======== Extracted information ========
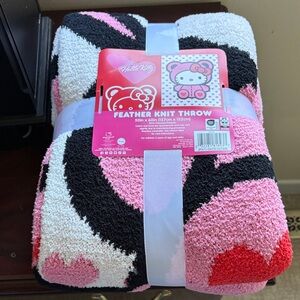 Hello Kitty Feather Knit Throw Blanket - Pink, Black, Red, White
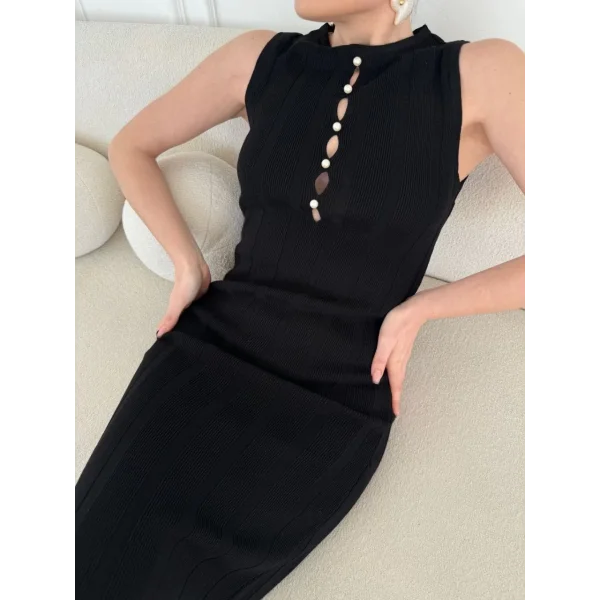 Kalın Fitilli Uzun Triko Elbise - Siyah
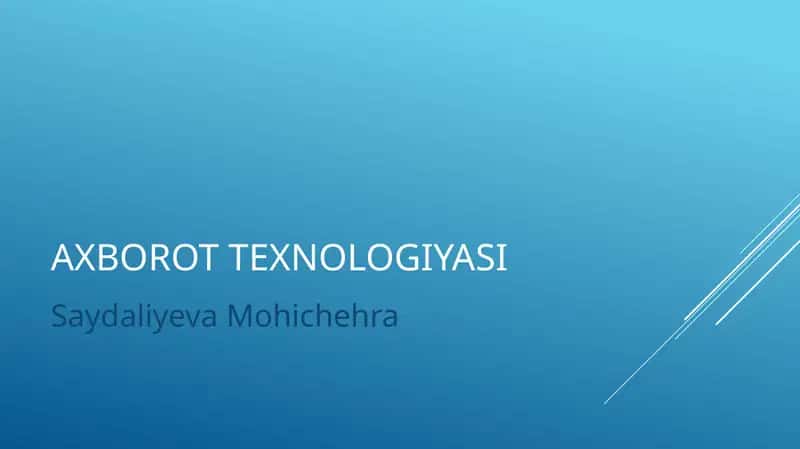 Axborot texnologiyasi 1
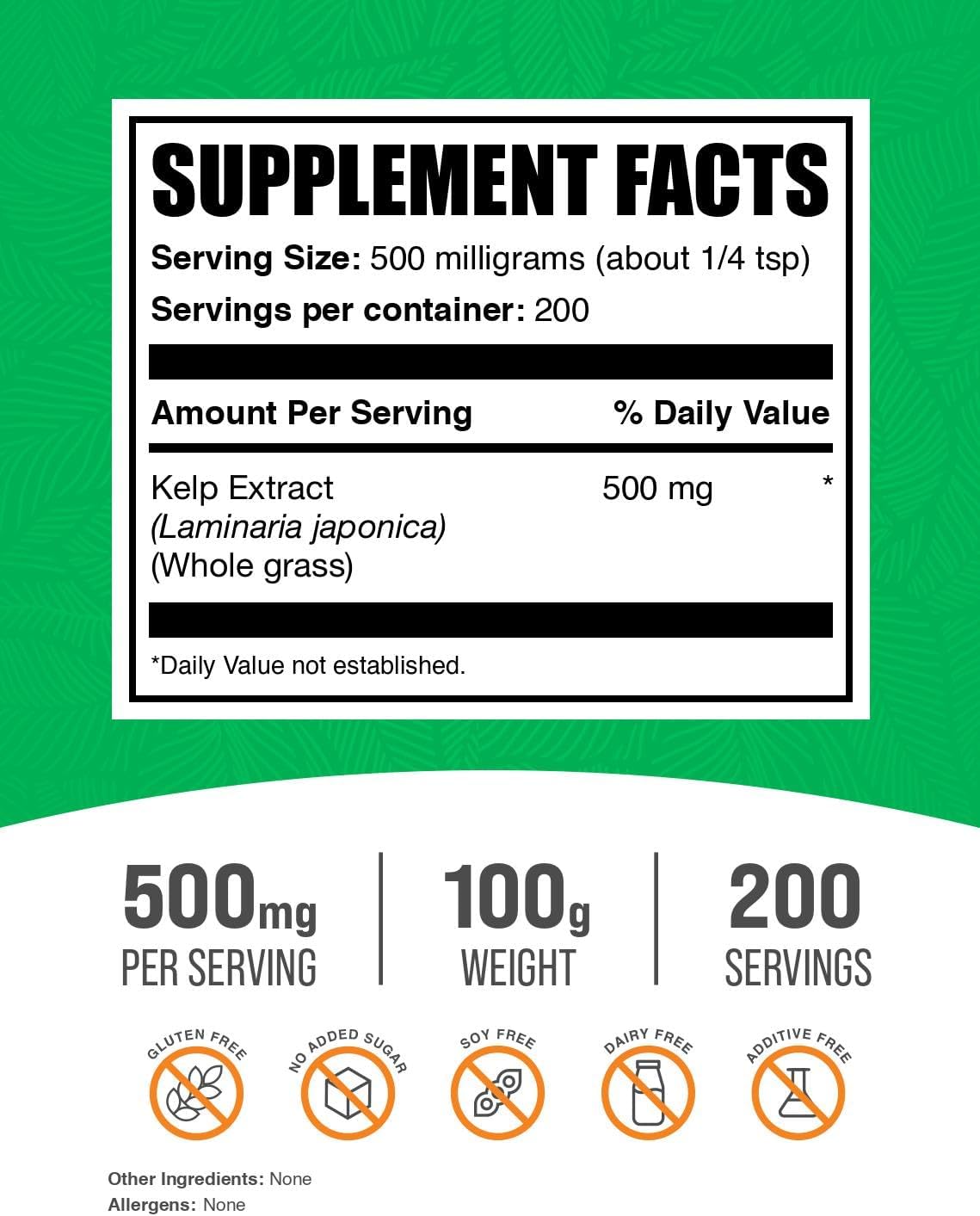 BulkSupplements.com Brown Seaweed Extract Powder - Gluten-Free Kelp Supplement, 500mg per Serving - 100g (3.5 oz) Pack of 1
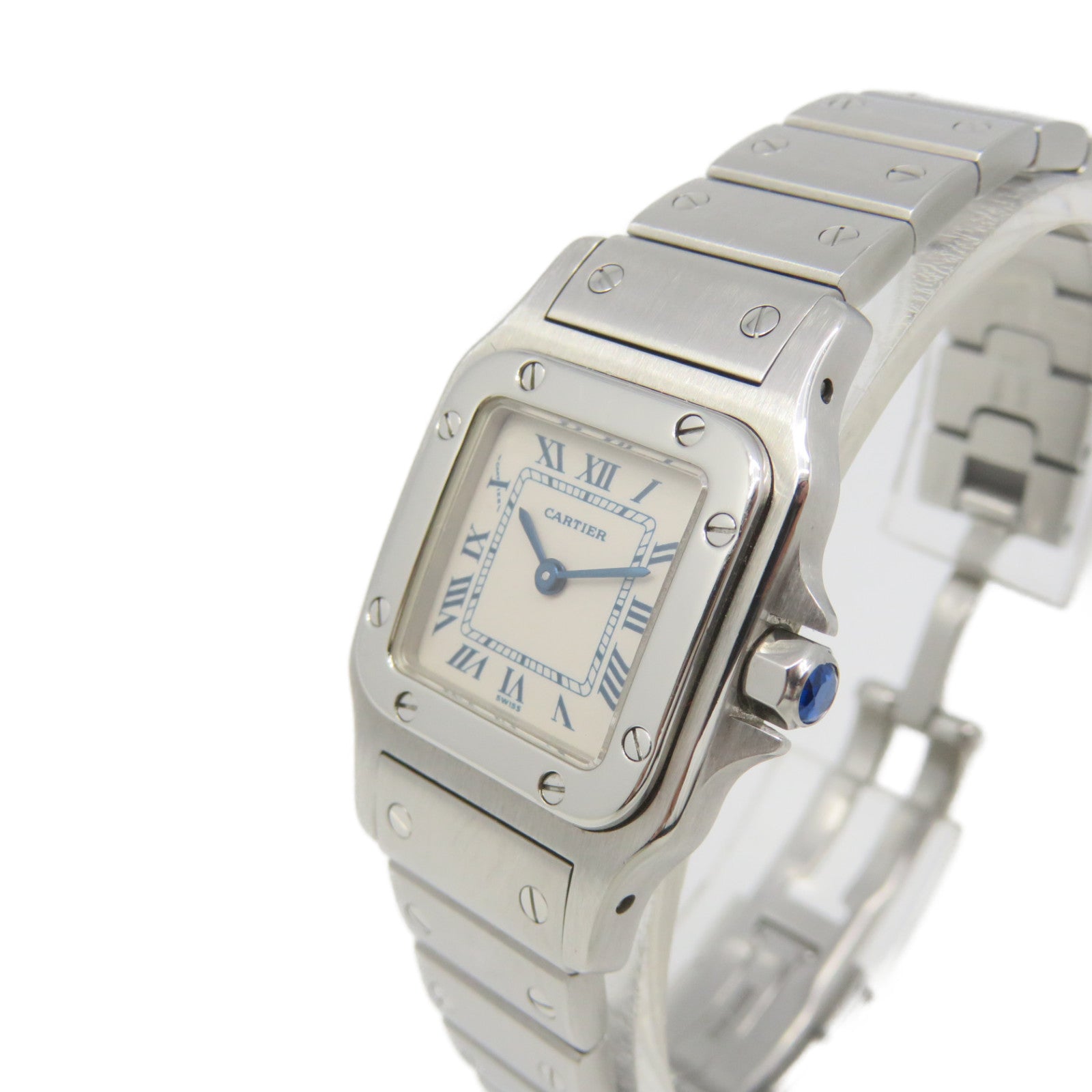 CARTIER Santos Galbee Watch不锈钢石英机芯手表米白色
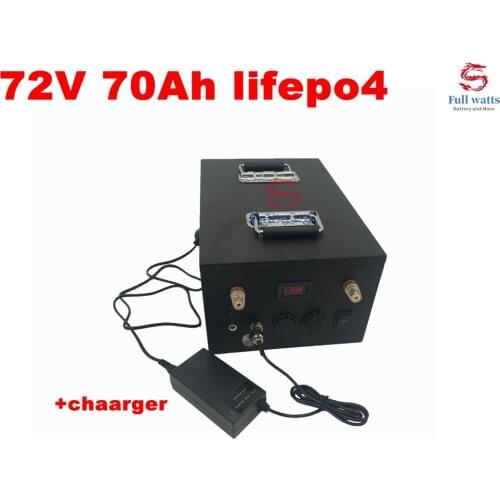 Waterproof 72V 70Ah lifepo4 battery High Power Lithium BMS for 7000w 5000w bicycle bike scooter Motorcycle + 10A charger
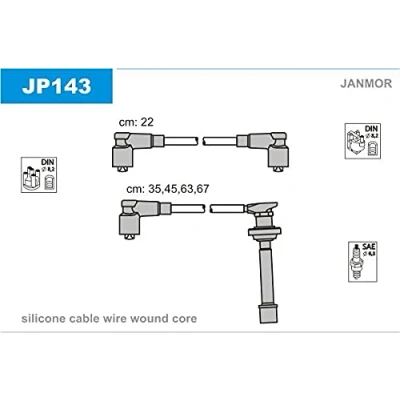 Imagen de JANMOR JP143 Juego de Cables Encendido NISSAN: Sunny 3, Primera Berlina, 100NX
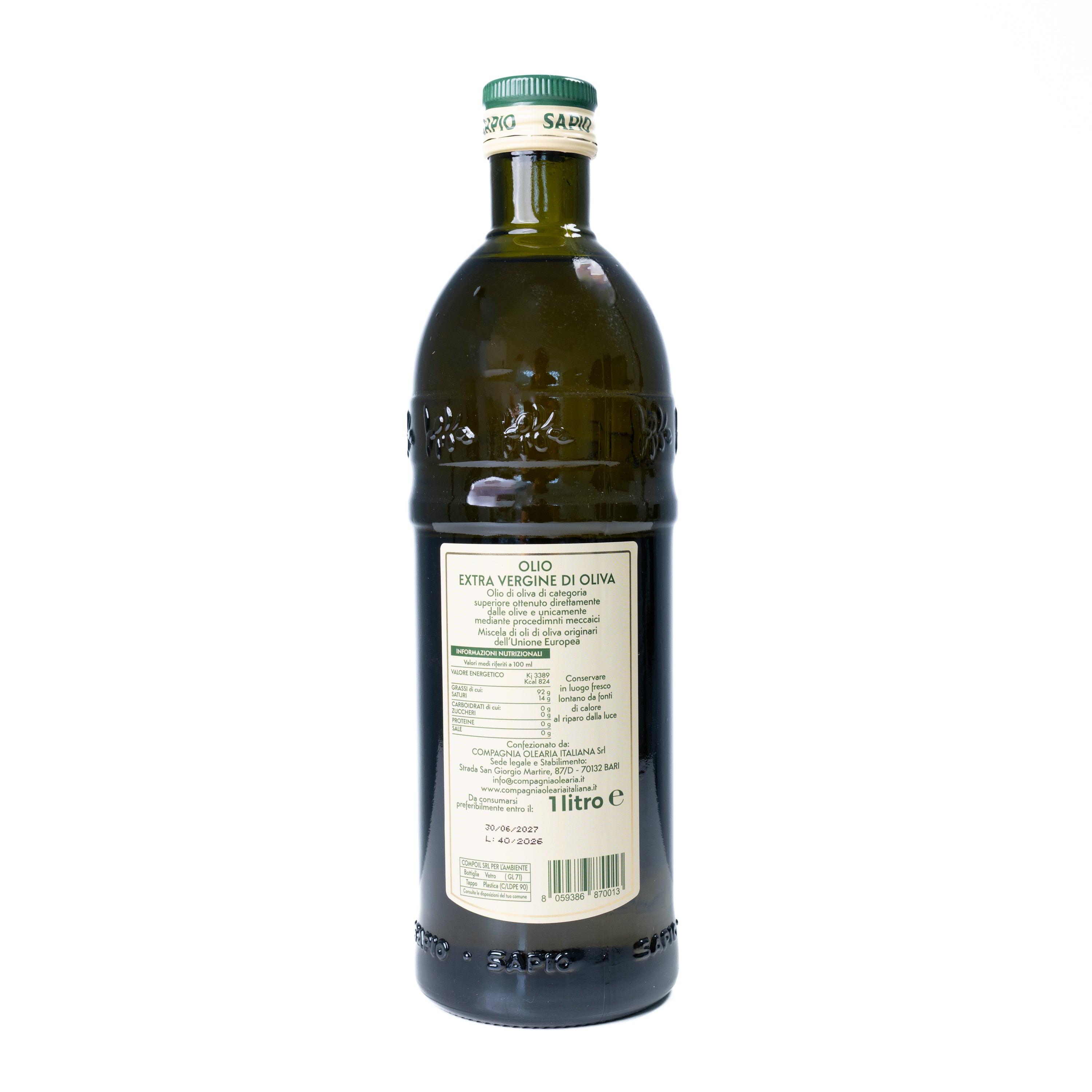 Ulei de măslines extravirgin Sapio, 1 L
========
What the task asks:
Both the first line of the records above and the line containing "Waterproof 72V 70Ah" belong in the copy; please return them and every line between, exactly, minus the pictures.

Exercise output:
 Hello Kitty Feather Knit Throw Blanket - Pink, Black, Red, White
 Kalın Fitilli Uzun Triko Elbise - Siyah
 Axborot texnologiyasi 1
 BulkSupplements.com Brown Seaweed Extract Powder - Gluten-Free Kelp Supplement, 500mg per Serving - 100g (3.5 oz) Pack of 1
 CARTIER Santos Galbee Watch不锈钢石英机芯手表米白色
 Waterproof 72V 70Ah lifepo4 battery High Power Lithium BMS for 7000w 5000w bicycle bike scooter Motorcycle + 10A charger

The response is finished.